Content Warning: existential/body horror
What’s it about? The androids of YoRHa exist to do battle with the machine lifeforms on Earth, so that humanity might one day return to the planet. 2B is one such android, who bears the weight of remembering the many times her body has been destroyed and replaced—and the times she has watched it happen to those she cares about.
NieR: Automata is not a work that should be adapted into a passive medium. It’s one thing to have spin-offs and side stories (I’m a big fan of YoRHa Boys, actually), but much of what made the original Automata special is directly tied to its interactivity. The weight of android disposability hits differently when you have to retrieve items from your own corpse after dying and see the bodies of other players littered across the battlefield.
Watching 30 seconds of a sad widdle animated robot try to revive its dead parent with a bucket of oil in the first five minutes of the premiere doesn’t have the same impact as being forced to control the tiny widdle robot with suddenly slow, rudimentary tank controls in contrast to the flowing action of the previous ten hours you spent carving up enemies just like it. Automata’s central themes about “what makes someone human, really” are far from new, and torn from their original context, I worry that they’ll simply come across as trite.

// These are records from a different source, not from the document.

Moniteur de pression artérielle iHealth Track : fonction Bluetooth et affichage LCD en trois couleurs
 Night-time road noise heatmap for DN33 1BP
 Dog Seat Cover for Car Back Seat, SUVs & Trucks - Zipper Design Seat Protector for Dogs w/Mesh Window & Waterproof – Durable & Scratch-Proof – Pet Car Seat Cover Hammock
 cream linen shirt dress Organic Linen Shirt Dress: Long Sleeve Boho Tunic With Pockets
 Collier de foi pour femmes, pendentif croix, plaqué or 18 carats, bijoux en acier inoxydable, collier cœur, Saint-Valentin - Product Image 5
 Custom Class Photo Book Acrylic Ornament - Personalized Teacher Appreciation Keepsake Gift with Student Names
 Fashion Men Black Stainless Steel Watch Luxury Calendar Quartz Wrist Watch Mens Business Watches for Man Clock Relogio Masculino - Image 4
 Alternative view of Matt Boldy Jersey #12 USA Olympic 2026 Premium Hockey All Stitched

But it’s here, and so we must proceed.
After a brief prologue, the bulk of this episode is essentially a very pretty Let’s Play of the game’s opening mission, and its combat scenes have all the painful hallmarks of trying to adapt too literally. 2B’s scenes follow the beats of each combat encounter in a way that feels oddly disjointed rather than breaking away to reinterpret the events with a more streamlined linear crescendo. The machinery—not just the robots but the androids’ flight gear—feels poorly integrated with its surroundings rather than deliberately uncanny. While Masuyama Ryouji is no stranger to animating action sequences, I can’t help but feel his lack of expertise in the director’s chair. At least, I suppose, there’s only one blink-and-you’ll-miss-it panty shot while 2B is flipping acrobatically through the scenery.
There are a few neat flourishes, such as the visualization of 9S’s hacking and the monochrome scenes that open and close the episode, but the premiere overall can’t escape feeling a bit stiff. I’m too irrevocably poisoned by Yoko Taro brainworms to truly imagine it with fresh eyes—supporters of the site may recall me waxing at length about why Nier: Replicant is my favorite game—so I’m very curious as to whether it feels as checklist-faithful to a newcomer as it does to me. But I have trouble imagining the game’s entire narrative unfolding satisfyingly in 12 episodes at the current pace.
This, then, is where I must add in one caveat. Yoko Taro is credited as working alongside the director as series composer, which leaves some questions as to whether this will truly be a straightforward adaptation. If that’s the case? …Well, it won’t be much good for newbies, but videogame anime rarely manage to capture the appeal of their origins anyway. Yoko Taro is what we in the industry might call “a massive shitposter,” who loves experimenting with divergent plot threads and putting additional lore for his works in places like Final Fantasy XIV event raids. The origins of Nier itself stemmed from a joke ending in 2003’s Drakengard, after all, so half the appeal of following Yoko’s work is waiting for him to pull some weird shit.
There’s a hint of that possibility in the foregrounding of 2B’s speech about repetition, the “Ver. 1.1A” in the title, and the (adorable, completely worth the price of entry) puppet show at the end. It remains to be seen how well Masuyama could convey such a departure, but it’s an exciting possibility that I want to believe in. Because you’d better believe I’m going to keep watching this. Brainworms, remember?
My next big question will be whether Crunchyroll will be including a dub, seeing as 9S is voiced (wonderfully) by Kyle McCarley, the man that Crunchyroll recently screwed over for broaching the topic of negotiating for a voice actor union. That’s a fun thing to remember as we move into a brand new season.